Data under study:
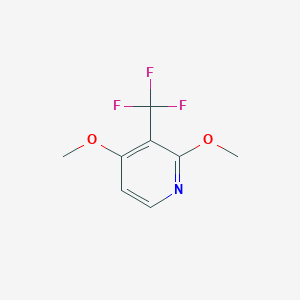 molecular formula C8H8F3NO2 B1408076 2,4-Dimethoxy-3-(trifluoromethyl)pyridine CAS No. 1227579-20-5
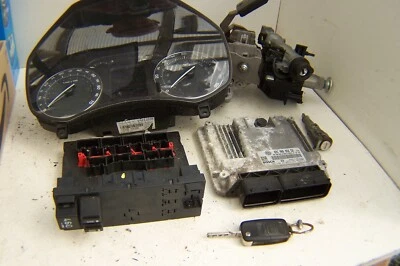 Skoda Octavia 1.6 petrol engine ecu kit 03C906056EB  (2004-2008) - Image 1 of 4
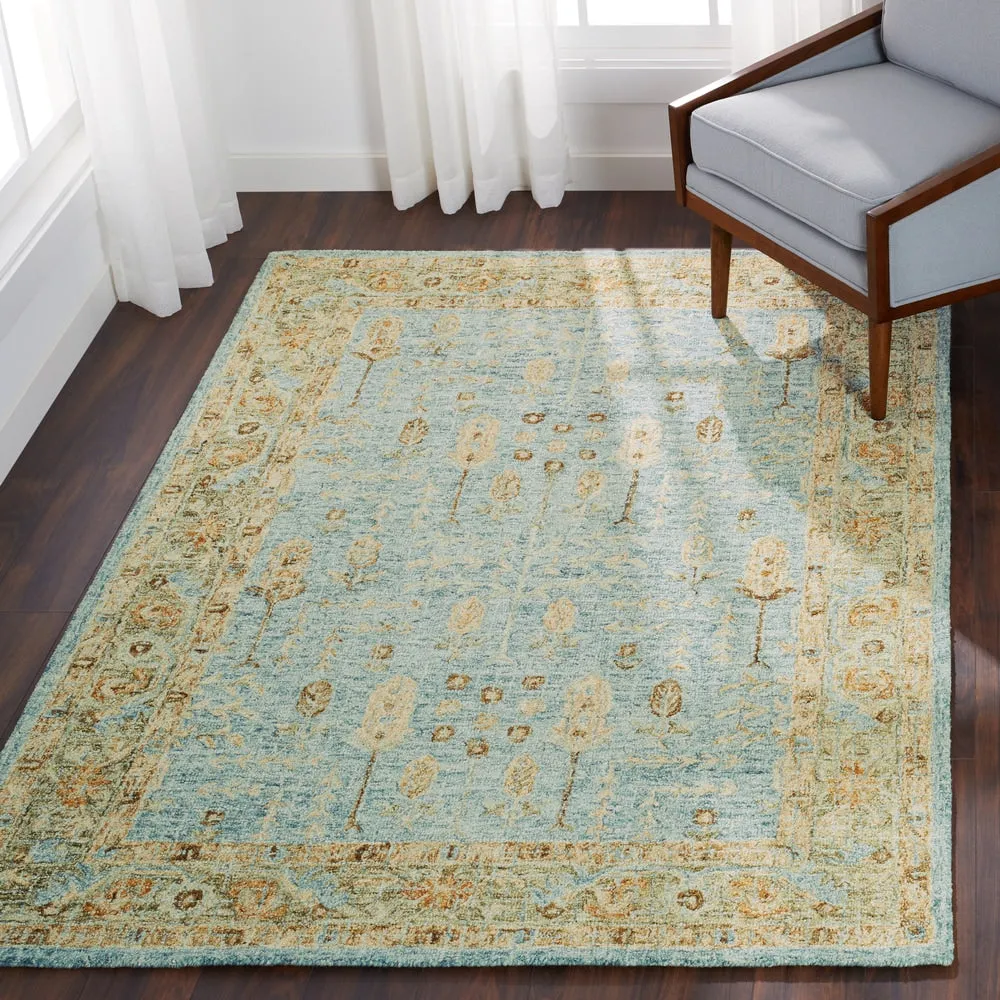 Alexander Home Shabby-Chic Distressed Hand-hooked 100% Wool Rug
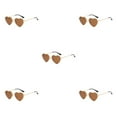 thumbnail image 1 of Minnieouse Impresionantes gafas de sol en forma de corazón de PVC con lentes Tac, accesorio de moda, gafas de sol en forma de corazón, color té Type2 NO2, 1 of 6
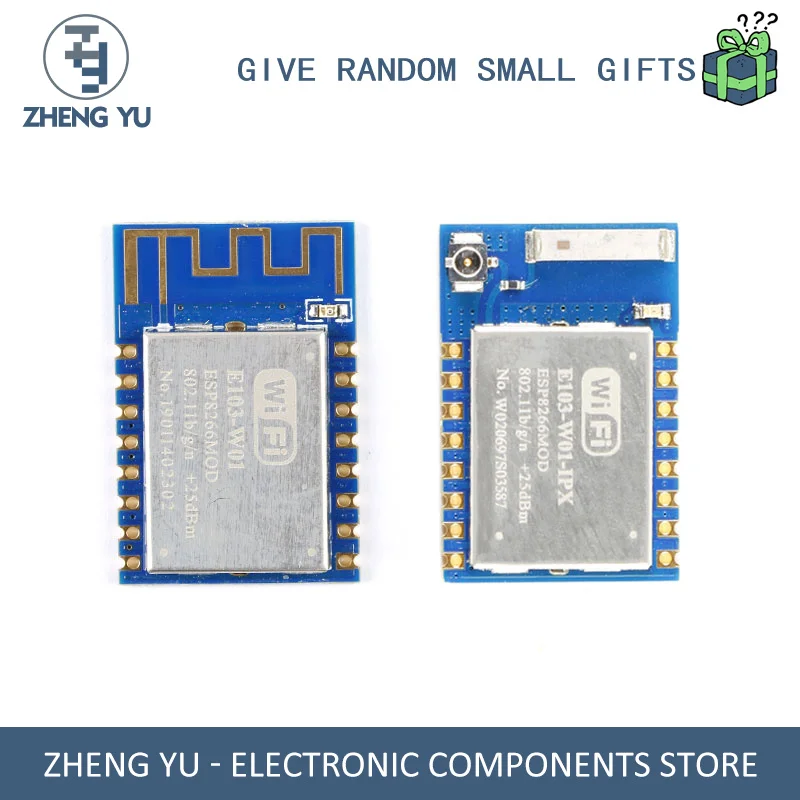 E103-W01/-IPX ESP8266 плата разработки последовательного порта 2,4G беспроводной трансивер WIFI Удаленный модуль интерфейс антенны IPEX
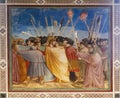 Kiss of Judas in the Scrovegni Chapel, Padua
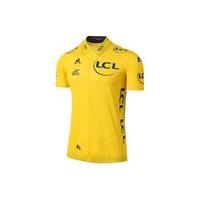 le coq sportif tdf 2017 replica empire short sleeve jersey yellow l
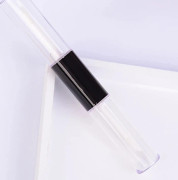 1 st Dubbelsidig Transparent Läppstiftsförpackning Behållare Tom Dubbelhuvud Läppglansförpackning DIY Smink Balsamförpackningsflaskor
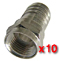 Fiche F � sertir pour c�ble coaxial 7mm 19/17 V - Colisage 10 pi�ces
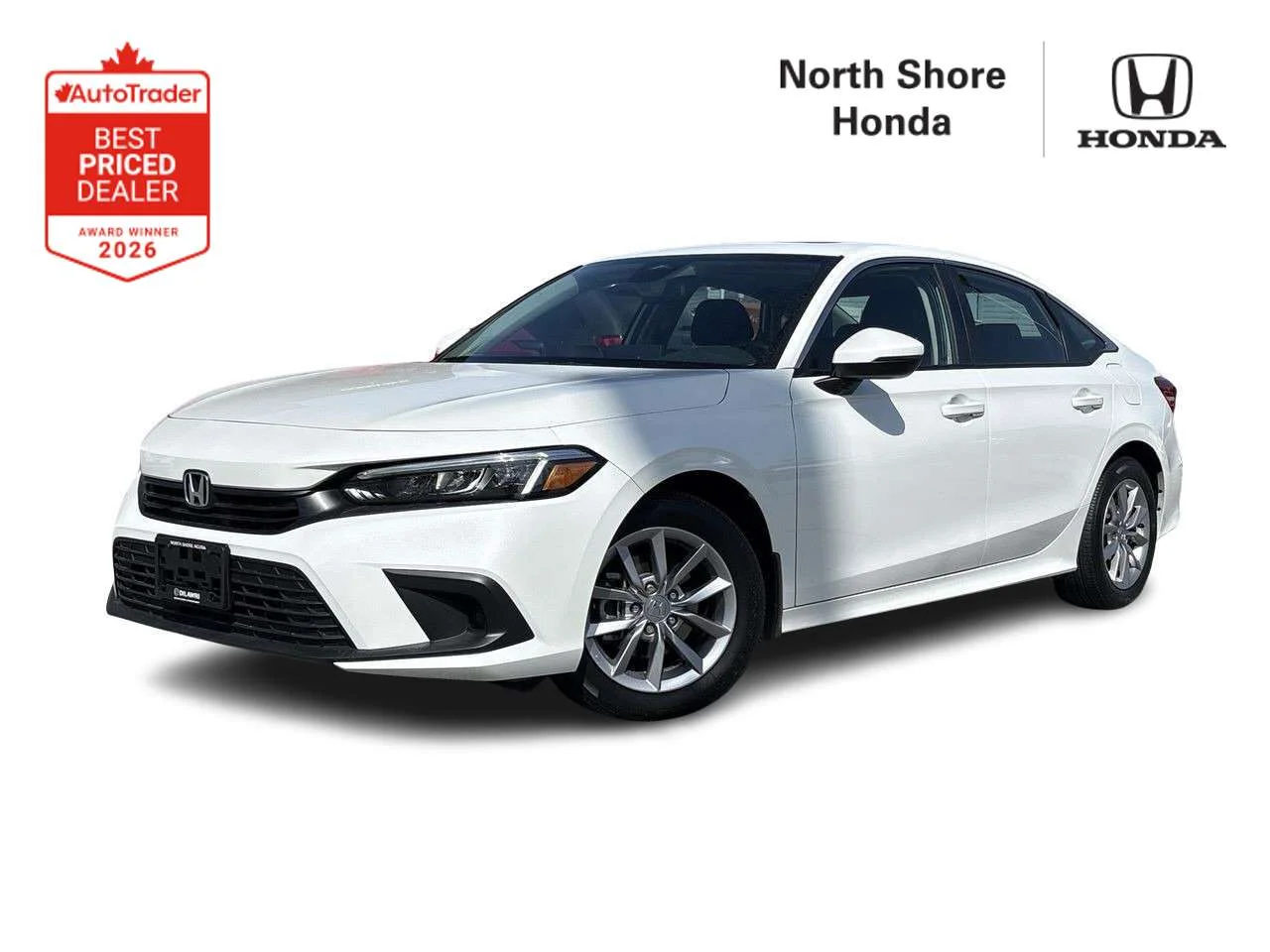 Used 2022 Platinum White Pearl Honda Sedan EX CVT Certified Pre-Owned   One Owner   Loc image 1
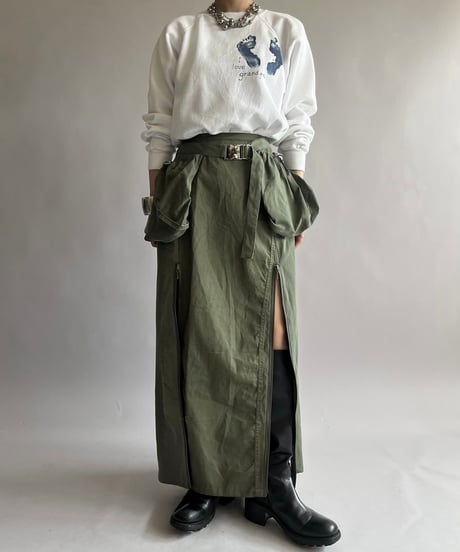 【RE;CIRCLE】 RE ARMY Belt Back Skirt/ 240919-004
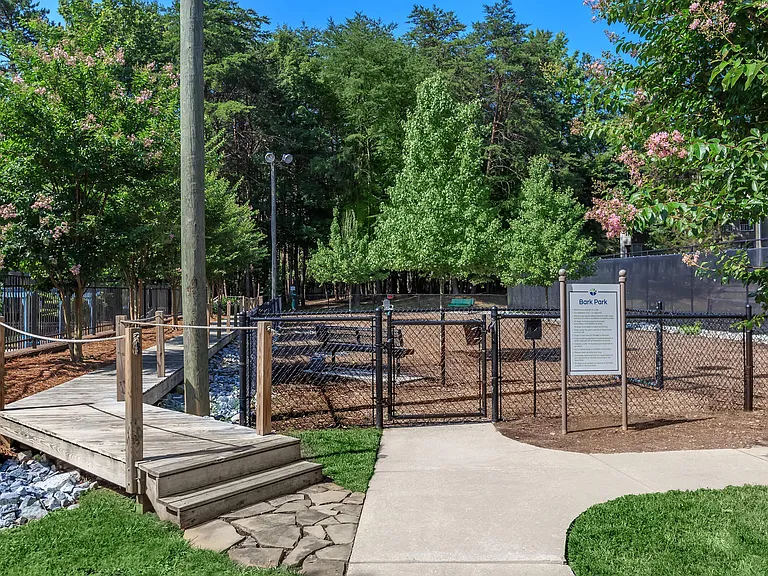 Spacious Dog Park with Secure Fencing and Gated Entry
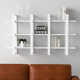 Matte White Solid Wood Floating Shelf with Adjusta 2 Piece Solid Wood Floating Shelf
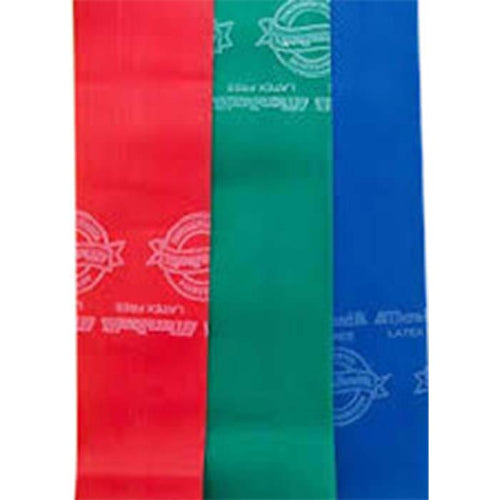 Theraband set of 3 bands ( Red, Green, Blue)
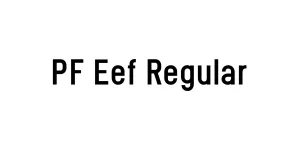 PF Eef Regular Font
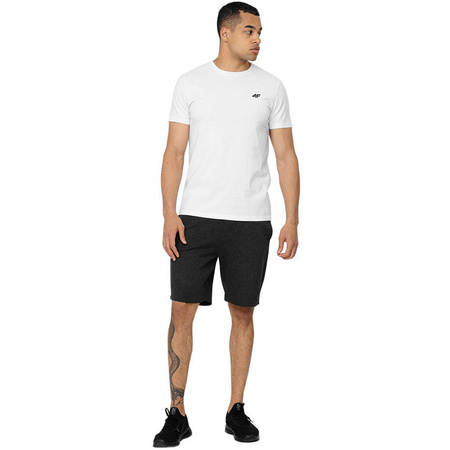 Koszulka męska 4F biała H4Z22 TSM352 10S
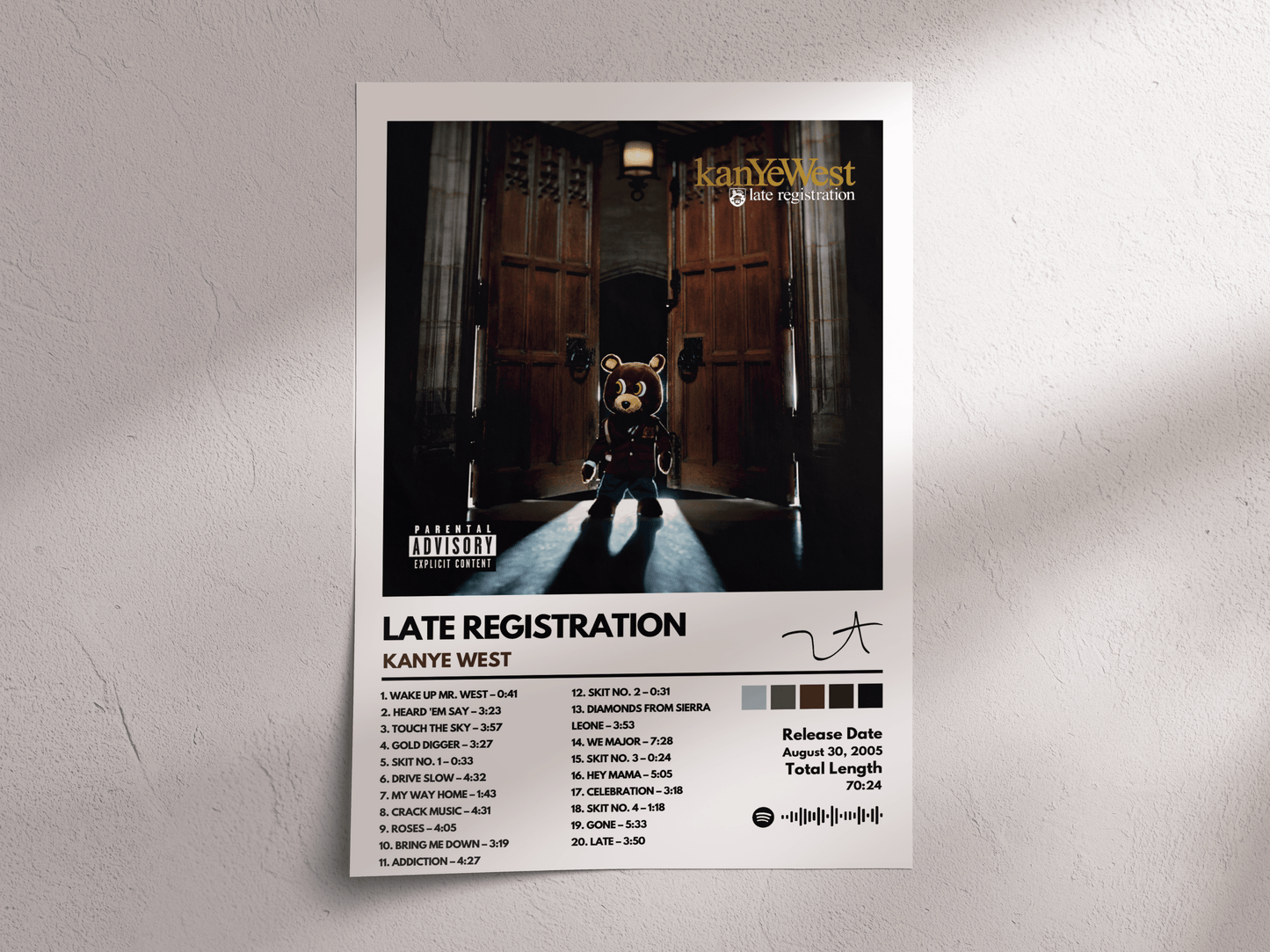 Late Registration Album Cover Poster – Kanye West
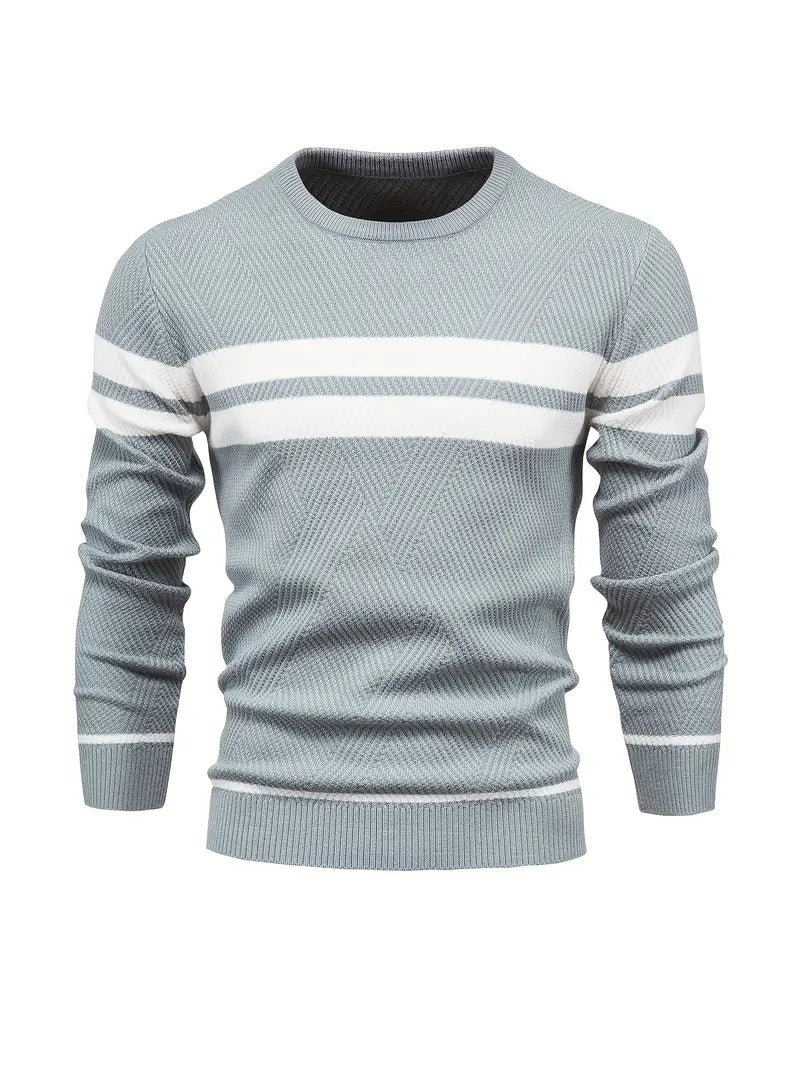 Pull-over homme motif rayé moderne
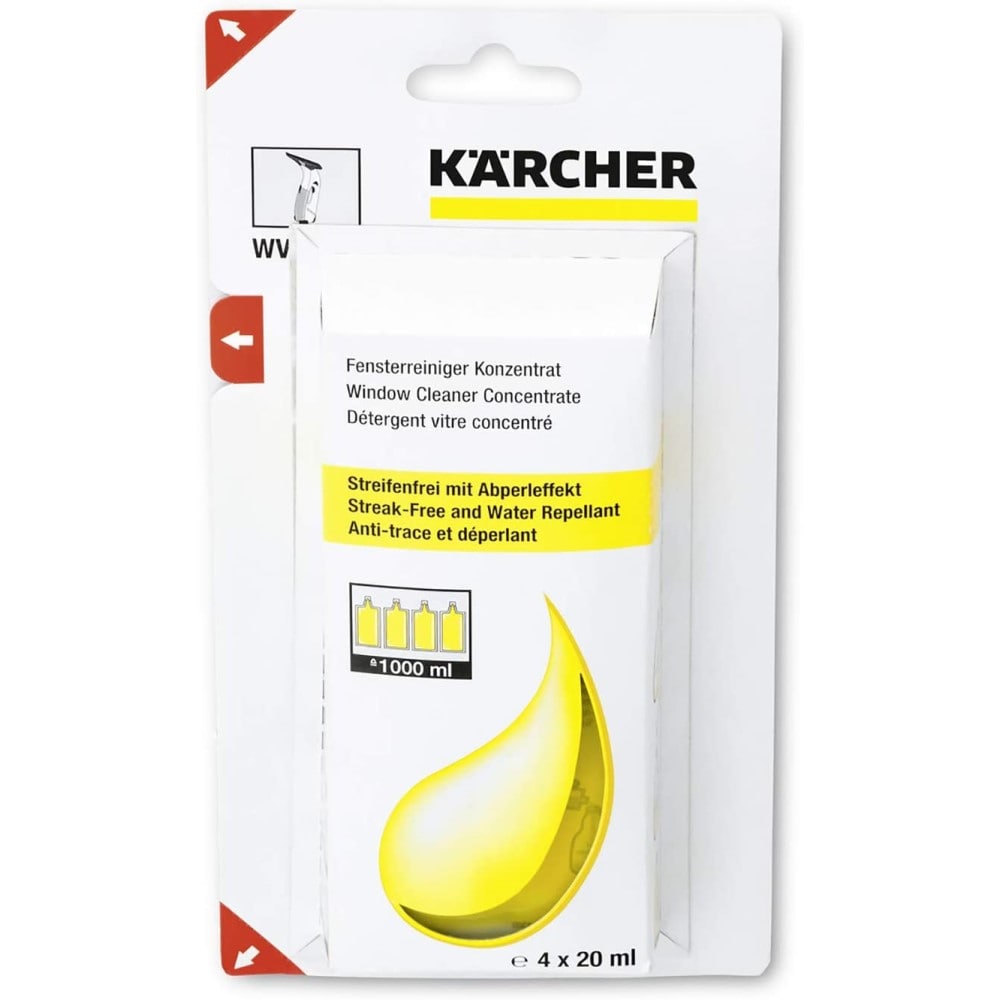 【アウトレット】ケルヒャー（Karcher） 窓ガラス用洗浄剤２０ｍｌ×４個入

Exercise instructions: An exact copy of the lines from the line containing "Alexander Home Shabby-Chic" through the final line of the listing, without pictures, is the expected result.

Written solution:
 Alexander Home Shabby-Chic Distressed Hand-hooked 100% Wool Rug
 thumbnail image 1 of Minnieouse Impresionantes gafas de sol en forma de corazón de PVC con lentes Tac, accesorio de moda, gafas de sol en forma de corazón, color té Type2 NO2, 1 of 6
 E103-W01/-IPX ESP8266 плата разработки последовательного порта 2,4G беспроводной трансивер WIFI Удаленный модуль интерфейс антенны IPEX
 Kiss of Judas in the Scrovegni Chapel, Padua
 le coq sportif tdf 2017 replica empire short sleeve jersey yellow l
 1 st Dubbelsidig Transparent Läppstiftsförpackning Behållare Tom Dubbelhuvud Läppglansförpackning DIY Smink Balsamförpackningsflaskor
 Fiche F � sertir pour c�ble coaxial 7mm 19/17 V - Colisage 10 pi�ces
 Used 2022 Platinum White Pearl Honda Sedan EX CVT Certified Pre-Owned   One Owner   Loc image 1
 【RE;CIRCLE】 RE ARMY Belt Back Skirt/ 240919-004
 Spacious Dog Park with Secure Fencing and Gated Entry
 Matte White Solid Wood Floating Shelf with Adjusta 2 Piece Solid Wood Floating Shelf
 Theraband set of 3 bands ( Red, Green, Blue)
 PF Eef Regular Font
 Koszulka męska 4F biała H4Z22 TSM352 10S
 Late Registration Album Cover Poster – Kanye West
 Pull-over homme motif rayé moderne
 【アウトレット】ケルヒャー（Karcher） 窓ガラス用洗浄剤２０ｍｌ×４個入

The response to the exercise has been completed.